The Newcastle Renal Unit was set up under the leadership of Professor Sir George Smart, Professor of Medicine on Ward 9 at the Royal Victoria Infirmary (RVI) in 1957.
Dr John Anderson was the first doctor responsible for day to day running until 1959, when he was appointed Professor of Medicine at Kings College Hospital in London. His successor was Dr David Kerr initially as First Assistant and later Professor of Renal Medicine.
At first dialysis could only be offered to cover kidney failure lasting 2 to 6 weeks until the kidneys recovered as in acute renal failure. If it became clear that the kidneys would not recover, that is the kidney failure was chronic, nothing more could be done.
In 1963 the first kidney transplant was done in Newcastle by Professor John Swinney, Consultant Urologist, and at the same time long term dialysis for patients with chronic renal failure was started.
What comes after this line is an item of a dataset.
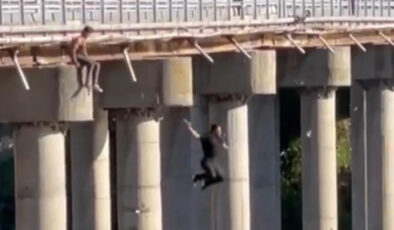 Elazığ’da gençler köprüden ırmağa atladı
At first, the dialysis was performed in the basement of the RVI using a twin coil dialyser. A junior doctor (senior house officer) sat with the patient throughout a 12-hour session of dialysis. It was only as the numbers of patients on long-term dialysis increased to around 20 that highly trained nurses took over the task.
As the numbers on dialysis grew, a further small dialysis unit was opened in an old urology operating theatre at Newcastle General Hospital (NGH) and a training program for home haemodialysis was established at the RVI. In addition, long-term treatment by peritoneal dialysis in hospital on 2 days each week was established at NGH.
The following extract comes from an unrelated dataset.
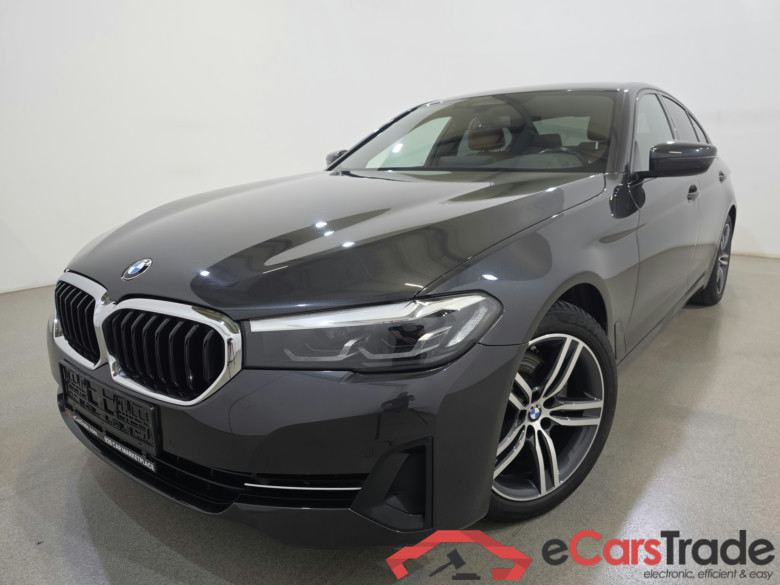 BMW 520d Aut. LED-Xenon LC-Pro ACC Navi-Pro Sport-Leather KeylessGo Camera Klima PDC ...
The Ear Nose and Throat Hospital at Rye Hill in the west end of Newcastle was developed as a hospital haemodialysis unit in 1966 and steadily grew in capacity by introducing 2 daytime and one night shift with each patient initally dialysed twice and later 3 times weekly.
The ever-increasing demand for long-term dialysis was solved by continuing to gradually expand hospital haemodialysis in Newcastle but also by the establishment of independent renal units at Middlesbrough in 1969 and Sunderland in 1970. In addition, with the introduction of the soft silastic abdominal cannulae, peritoneal dialysis at home became possible. Patient training began in 1972 and the numbers on peritoneal dialysis treatment expanded rapidly.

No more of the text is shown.